JAKARTA (JP): One cannot help but applaud the agenda Minister
JAKARTA (JP): One cannot help but applaud the agenda Minister
Purnomo has set for himself and for his Ministry. His agenda,
which he described in The Jakarta Post of Aug. 21, will require
an all out effort for the Ministry. Restructuring both the state
oil firm Pertamina and the electricity company PLN, and to
provide the direction needed by these two important state
enterprises is a full time job in itself. One significant
contribution he could make would be to help provide the legal
framework to realize his five goals and select the right people
to manage the job. Selecting the right people will be the key to
success.
We agree; but many are on the sidelines, watching which "right
people" these will be.
The Minister was quoted as referring to Tan Sri Datuk Seri
Azizan Zainal Abidin of Malaysia's Petronas as an example of a
Chief Commissioner who devotes his full time for Petronas.
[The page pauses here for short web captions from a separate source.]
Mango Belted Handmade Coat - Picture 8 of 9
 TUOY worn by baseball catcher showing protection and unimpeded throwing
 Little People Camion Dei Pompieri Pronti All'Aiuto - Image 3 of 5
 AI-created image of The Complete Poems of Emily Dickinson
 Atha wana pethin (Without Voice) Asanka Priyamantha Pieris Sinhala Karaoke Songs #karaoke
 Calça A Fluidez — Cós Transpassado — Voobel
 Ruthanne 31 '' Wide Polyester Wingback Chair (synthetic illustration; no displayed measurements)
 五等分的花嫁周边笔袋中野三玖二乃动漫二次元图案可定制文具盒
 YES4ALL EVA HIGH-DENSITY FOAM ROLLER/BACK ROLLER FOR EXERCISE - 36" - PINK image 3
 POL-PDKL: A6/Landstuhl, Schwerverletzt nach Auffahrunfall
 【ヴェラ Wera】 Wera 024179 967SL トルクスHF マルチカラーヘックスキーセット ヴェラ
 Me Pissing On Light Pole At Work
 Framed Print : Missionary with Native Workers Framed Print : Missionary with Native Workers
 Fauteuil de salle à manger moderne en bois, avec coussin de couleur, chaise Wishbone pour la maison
From close observation of Petronas' experience, we can testify
that Minister Purnomo is totally correct in that observation. He
is also correct in pointing out that a Commissioner of Pertamina
should not have to be a minister. In our system, however, as
dictated by the Law no. 8 1971, certain ministers, including the
minister of energy and mineral resources, are appointed ,ex
officio, as Pertamina commissioners. With the enormous work load
carried by those ministers they cannot be expected to devote much
of their valuable time to Pertamina.
Minister Purnomo was asked about preventing past practices of
corruption, collusion and nepotism (KKN), to which he answered
that improvements in both the system and operation through the
new law on oil and gas may prevent KKN. He said this is because
the new law is expected to introduce competition both in the
upstream and in the downstream sector, while increased
competition will tighten loopholes for KKN potential.
While this is basically correct, we also need to make sure
that the legal framework replacing the present one also removes
the legal basis which makes KKN possible. These are not limited
to the government's cumbersome tendering rules, which is now also
applicable to the investor community, despite the fact that
production sharing contracts projects are not financed by the
state budget. These are relics from the past created by the New
Order government to create sources of funds which now need to be
erased.
Minister Purnomo's comments go to the heart of the question of
what is good corporate governance. This is a favorite jargon
among the elite and a lot of lip service has been paid to it.Yet
when it comes to applying the concept we fail to act.
One important ingredient of good corporate governance is the
ability to select the right people for commissioners. In
Pertamina's case it indeed does not have to be a minister, but a
professional, someone with broad industry background, and with
integrity and credibility.
In countries with a more advanced outlook towards business, a
board of directors may be the equivalent to our board of
commissioners. The individual selected is often a chief executive
officer of an unrelated industry but nevertheless selected in the
expectation that he or she can bring wisdom in dealings related
to many management issues that come to the attention of the
Board. It is that wisdom that counts that comes from years of
experience in the trenches.
Other commissioners may not hail from industry circles at all
but could be selected from the education sector; some may even
come from the government.
What is important is that it should be a full time job. A
major company like Pertamina or PLN deserves that kind of
attention. Yet law no. 8 1971 shows that the selection of
Pertamina commissioners contradicts good corporate governance.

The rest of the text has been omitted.